On a drizzly, murky Saturday in New Malden, Dulwich were defeated. We travel to bottom-placed Normandy next week. Another seemingly one-sided affair, but lessons to be quickly learnt to ensure the mighty Dulwich rise from the ashes.

Sat 15th July – 1st XI v Esher

DULWICH 249-9 (50) beat ESHER 102 (38.2) by 147 runs


A fine all-round performance by Salaar Waqar, who hit 69 and took five wickets, led Dulwich to a stunning victory by the emphatic margin of 147 runs over table leaders Esher in Division 2 of the Travelbag Surrey Championship.
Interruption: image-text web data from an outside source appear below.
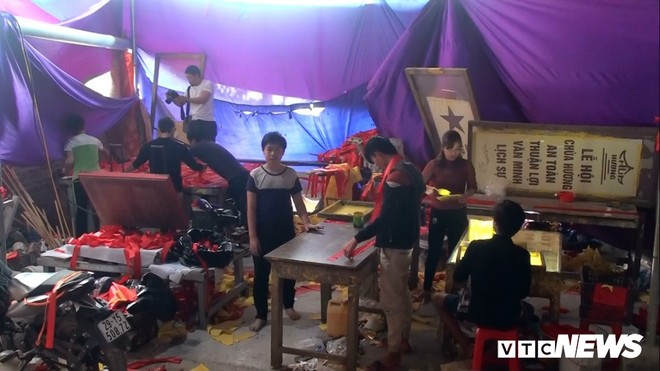 Ảnh: Công xưởng tăng tốc sản xuất cờ đỏ, băng rôn cổ vũ U23 Việt Nam - Ảnh 2.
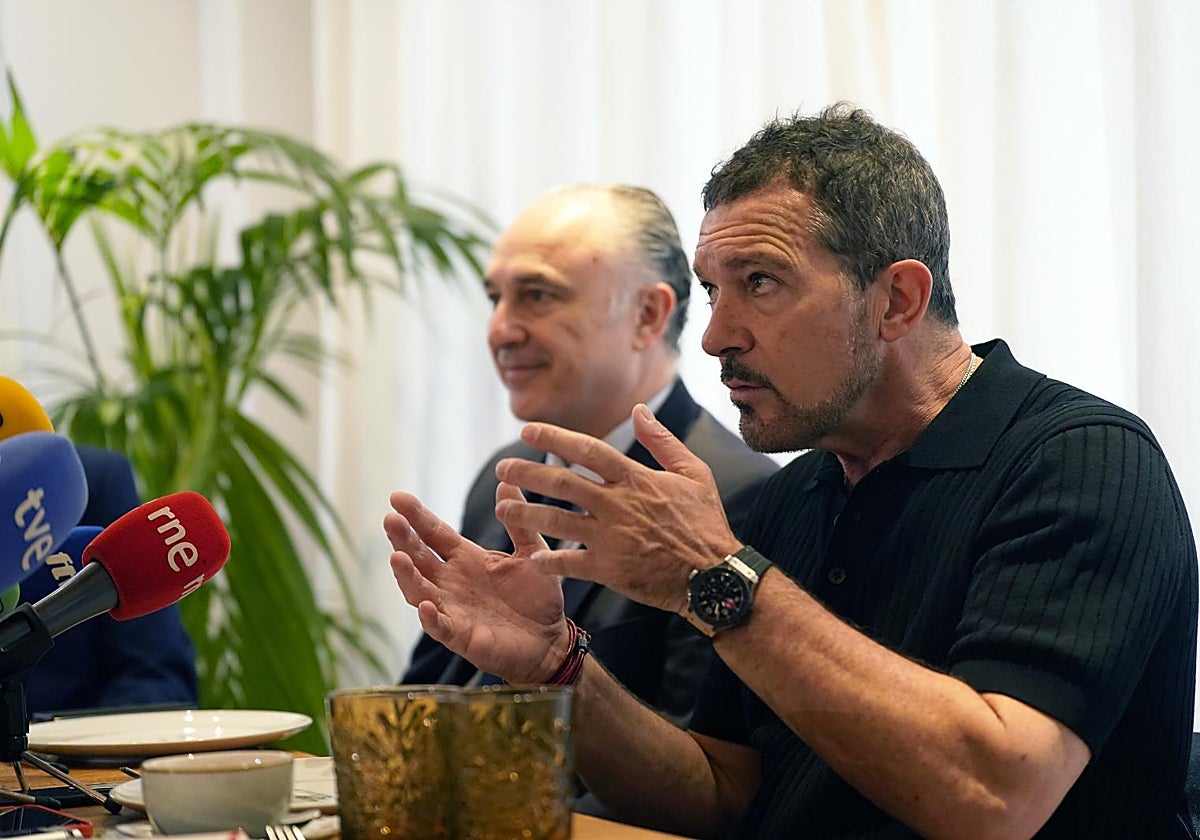 Antonio Banderas durante la presentación del acuerdo con Caixabnak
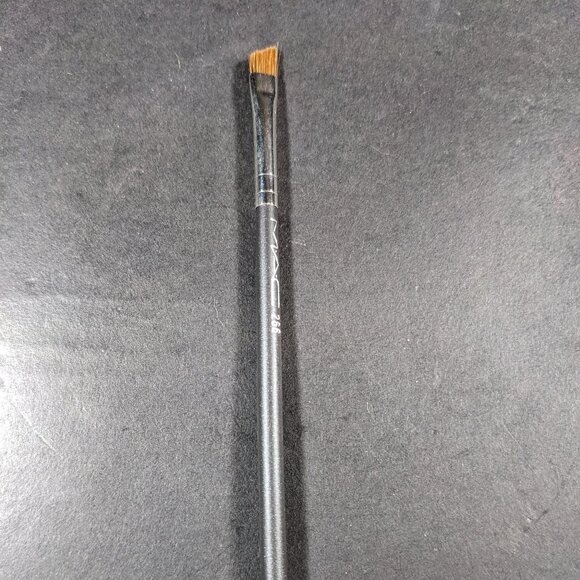 MAC 266 Small Angle Brush - Natural Hair Discontinued - Picture 1 of 2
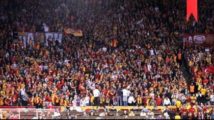 Galatasaray’da tribünler ikiye bölündü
Dulwich were put in to bat, but got off to a rousing start as Nick Hudson dominated both the strike and the scoring to score 25 out of an opening stand of 35 in nine overs with Matt Balch. He then scored a further 22 in a second wicket stand of 24 in three overs with Henry Hazlewood. Both fell in successive balls with the score on 59, with Hudson having made 47 of those runs off 48 balls. Assan Crawford-Khan fell 16 runs later, to bring in Waqar to join Kristian Williman. The pair had taken the score to 107-4 off 22 overs when a heavy shower drove the players from the field. Ten overs were lost, thereby reducing the Dulwich innings to a maximum of 50.

After the resumption the pair took their partnership to 68 off 20 overs when Williman was caught behind for 32 with the score on 143. This brought in keeper Will Bancroft, who went on the attack, scoring 41 off 34 balls in a stand of 67 in nine overs for the sixth wicket to take the total to 210 after 44.2 overs. Waqar fell two overs later, having faced 91 balls for his 69. This was his fourth half century of the season, and his second against these opponents. Skipper Alex Gledhill and Kamran Munawar then added 36 for the eighth wicket before Gledhill became the fifth victim for keeper Alex Martin in the final over. Matt Quaife was run out off the penultimate ball, and the innings closed on 249-9 after 50 overs. Esher had 40 overs to try and score the runs, or at least reach 200 for the winning draw.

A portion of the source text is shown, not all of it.